The next pick will be Eating to Extinction: The World’s Rarest Foods and Why We Need to Save Them by Dan Saladino, which we’ll read in three parts—it’s on the longer side!—from September to November.
We’ll be reading through page 171 for the first section of Longthroat Memoirs discussion on May 31, and then we’ll finish it for a discussion thread on June 21. Per the usual format, we will have a Zoom chat that Sunday, June 23, at 2 p.m. EST.
It’s an essay collection, so please also feel free to hop around the book!
I wanted to pose one of Whitney’s comments from the last discussion thread to all the readers, now that some of us have read both Small Fires and Food in Cuba—it’s nice to consider there are threads throughout these texts!
“Thanks everyone for a really great Zoom the other day! I really appreciated hearing everyone's perspectives and especially from people who have actually been to Cuba (I have not). I'm enjoying the selection of books, and while this book is a lot different than Johnson's Small Fires, I noticed a connection in the conclusion of Garth's book with Johnson on the idea of agency and refusals that I am interested in thinking about more and curious if anyone else has thoughts on this.

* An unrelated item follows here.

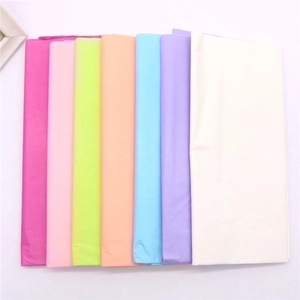 Detailed view of colorful tissue paper sheets for flower and gift packaging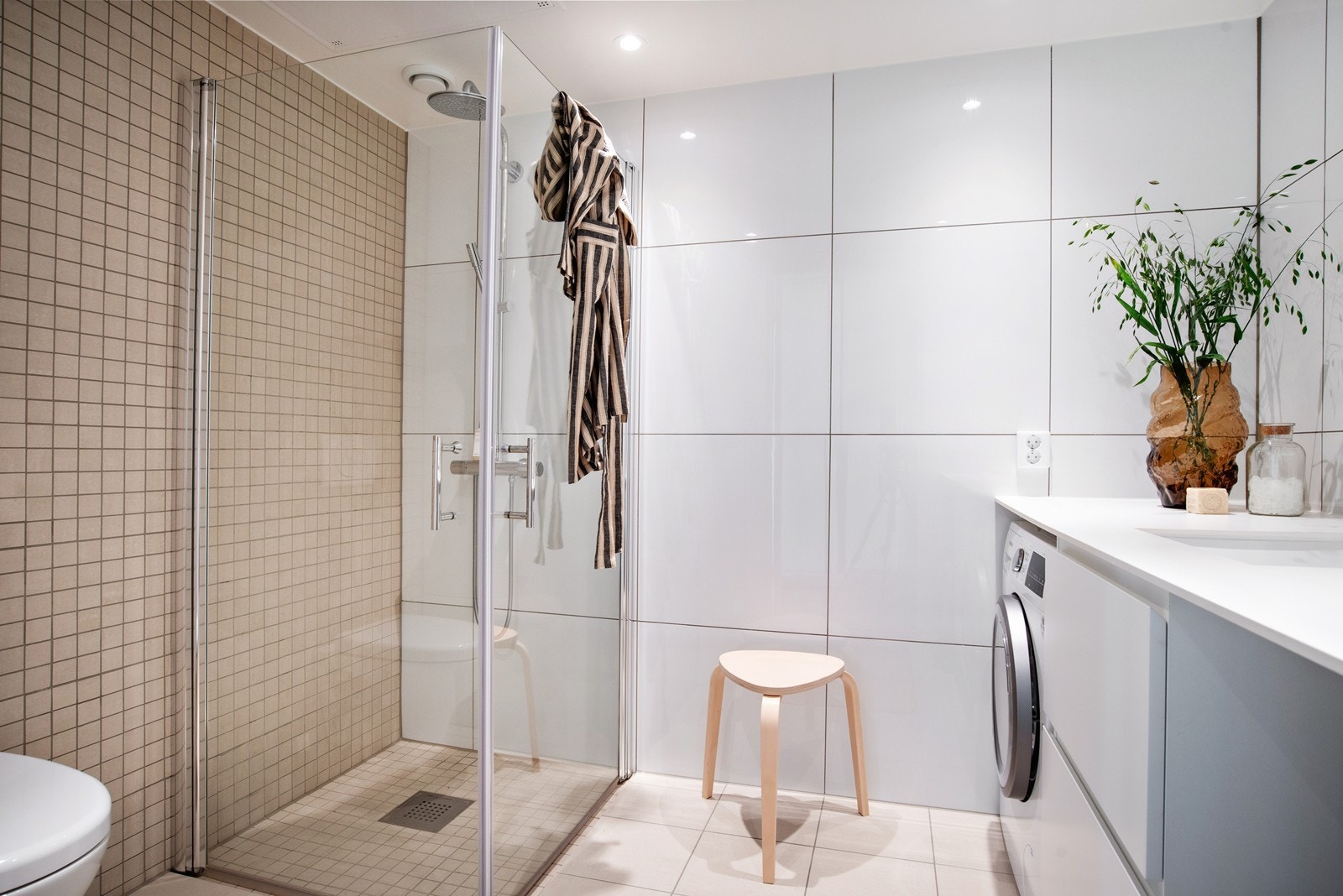 Stort bad med bred servantbenk og opplegg for vaskemaskin. WC og dushjørne. Galleribilde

Garth writes, "The struggle for a good life is not just a way of upholding and striving for Cubanidad; the insistence on living a good life and the ability to continue consuming a decent meal in the face of the changing food system is also a form of resistance to state power and a way of talking back to the state. We might also call this a form of refusal" (161). Johnson writes, "Refusing the recipe as a cook and at the table also expresses yearning to participate in world-making" (117). These connections between expressions of agency and world-making capacity through food (and refusal) are really interesting to me, even in such different contexts. I'm curious if and how similar ideas might come up in the other two books.
Also, someone (I forget who, I'm sorry!) mentioned at the end of the Zoom discussion that Garth never really describes what a decent meal tastes like (it's unclear whether this was something she asked/discussed with participants). I don't know why this didn't occur to me earlier, but as soon as you said this it stood out quite a bit. There is maybe this unsaid idea that the taste matters less than what the food signifies. I do kind of wish there was more description or reflection on taste/the experience of the decent meal; I'm not sure what that would look like in the book or how it might change it.”
My reflection is that I cannot wait to join for Eating to Extinction. Just picked up Consuming Passions: The Anthropology of Eating which I highly recommend!
I really enjoyed reading Food in Cuba and I just started Longthroat Memoirs. While reading Food in Cuba, I always thought about the taste aspect even though you mentioned "There is maybe this unsaid idea that the taste matters less than what the food signifies." I think the only time taste was mentioned was when the meat was bad and some people decided to get past it if it was cooked a certain way. I also wished there was more insight into taste while enjoying a decent meal but I do not think this was the point of what a decent meal is and the study of this book. Outside of the book, when I think of my own idea of a decent meal that is traditional or nostalgic, I try to make to recreate the meal with the closest ingredients as possible so that in the end, all the flavors are there. In the case of the book, it seems as if it's important for all the elements to be accessible, rice, meat, beans to make it a decent meal.